The Twin Cities' five suburban counties are digging in their heels against the Metropolitan Council, which they say created a long-term transportation plan that essentially ignores suburban and rural needs.
At a meeting Monday, leaders from the five counties presented a rare joint response to a new Met Council transport plan, flexing their collective muscle before the council's top leader.
The regional planning agency put together the plan as a way to set goals and allocate federal funds for highway and other transportation projects over the next 25 years.
But the strictly suburban counties — Anoka, Carver, Dakota, Scott and Washington — say their pleas haven't been taken seriously.

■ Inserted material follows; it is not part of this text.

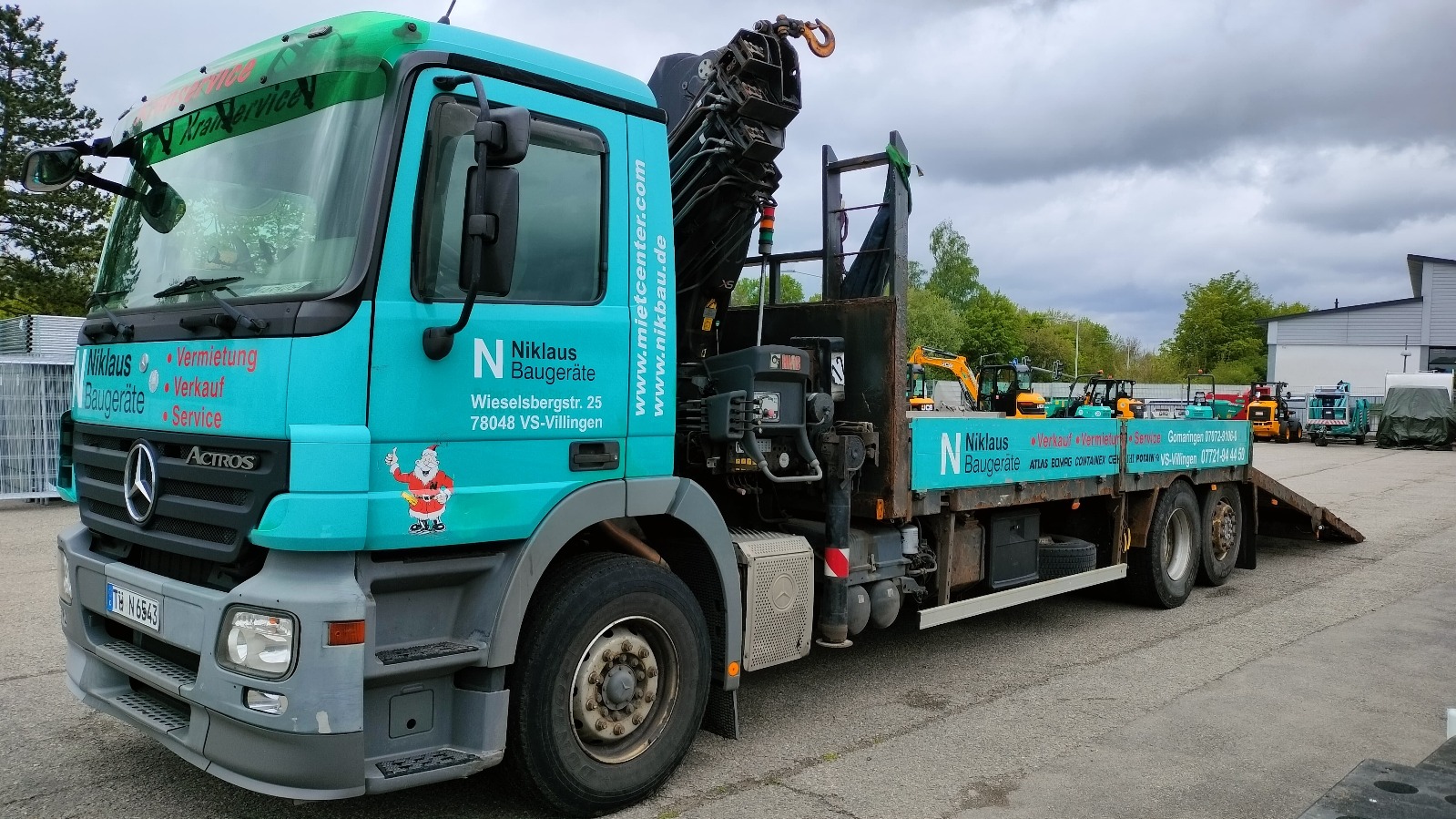 LKW Mercedes Benz Actros 2532L 930.1 mit Ladekran HIAB 288EP-5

And as a result, they say, the plan focuses on transit and nonmotorized transportation without paying enough attention to highways and freight, which they count as their lifeblood.

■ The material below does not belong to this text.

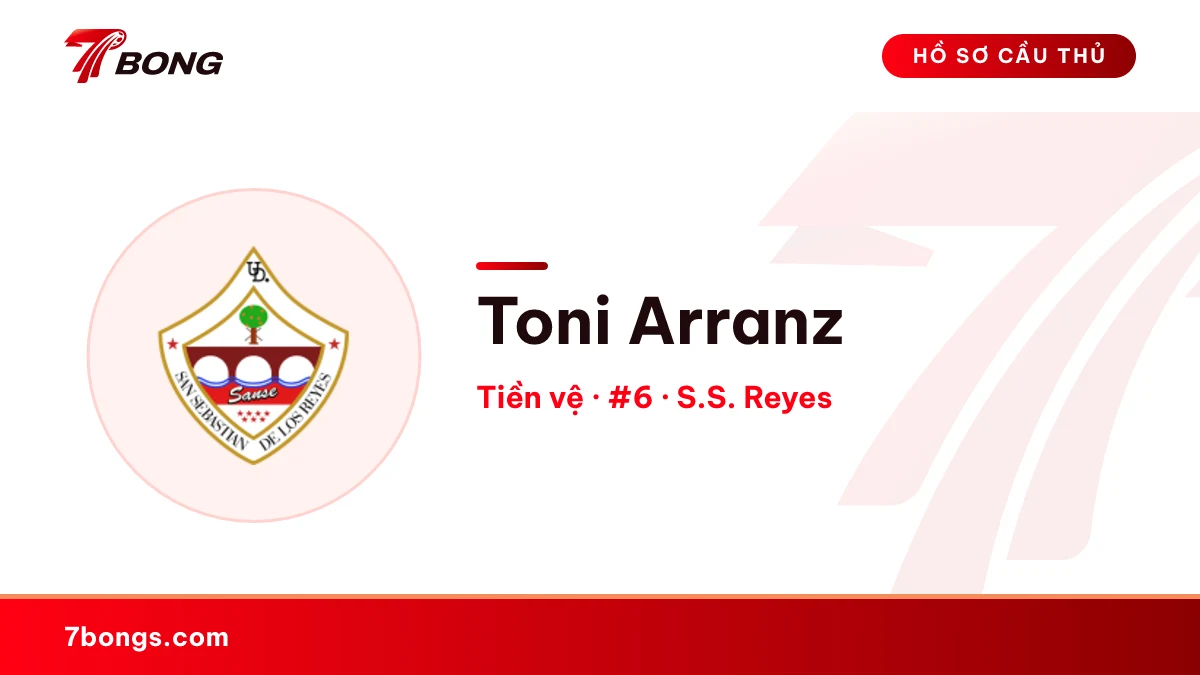 Toni Arranz — S.S. Reyes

"It seems like they don't hear us," said Carver County Board Chair Gayle Degler.
In an opening statement, Scott County Commissioner Jon Ulrich said the counties should've been closely involved as the plan evolved. "Failure to do this has now resulted in a region that is not united," he said. "We are deeply divided."
It was unclear at the end of the meeting whether their pleas accomplished anything.
Met Council Chairwoman Sue Haigh told the commissioners that she wouldn't be able to immediately reply in detail to what the counties laid out, but said the council would come back with a response.